→ **Task directions**:
Print the entries that appear below, exactly as written and without their pictures.

→ **Given information**:

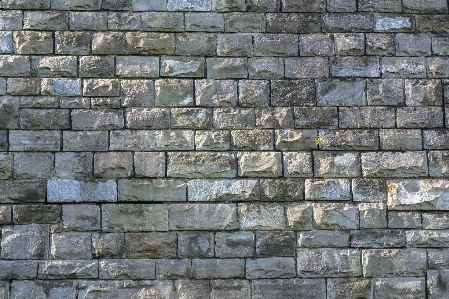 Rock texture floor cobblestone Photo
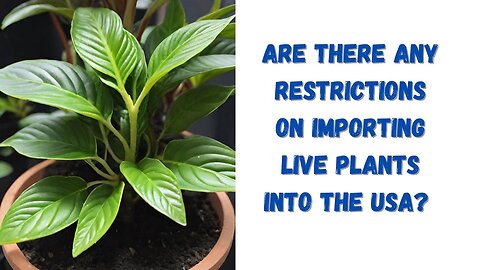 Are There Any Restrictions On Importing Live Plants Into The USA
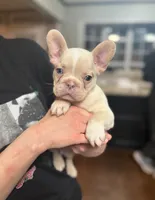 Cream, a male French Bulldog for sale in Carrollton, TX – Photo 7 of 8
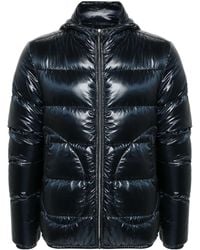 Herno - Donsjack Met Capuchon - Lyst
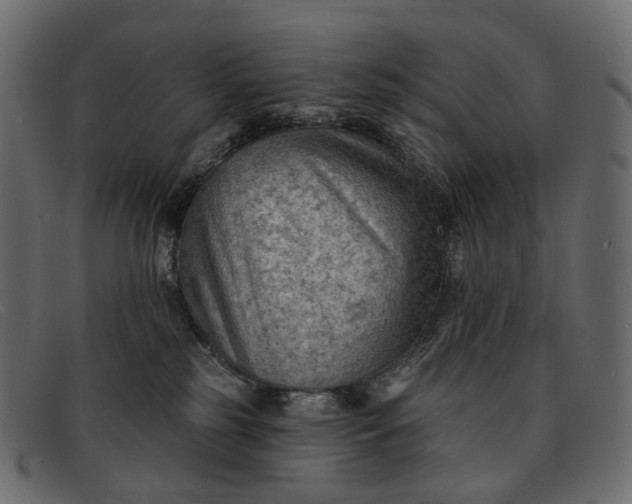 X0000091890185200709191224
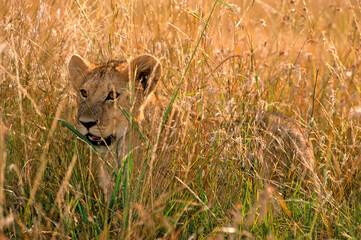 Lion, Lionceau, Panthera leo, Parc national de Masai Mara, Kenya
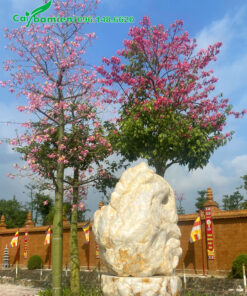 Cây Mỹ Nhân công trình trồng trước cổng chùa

→ **Answer to this problem**:
 Rock texture floor cobblestone Photo
 Are There Any Restrictions On Importing Live Plants Into The USA
 Cream, a male French Bulldog for sale in Carrollton, TX – Photo 7 of 8
 Herno - Donsjack Met Capuchon - Lyst
 X0000091890185200709191224
 Lion, Lionceau, Panthera leo, Parc national de Masai Mara, Kenya
 Cây Mỹ Nhân công trình trồng trước cổng chùa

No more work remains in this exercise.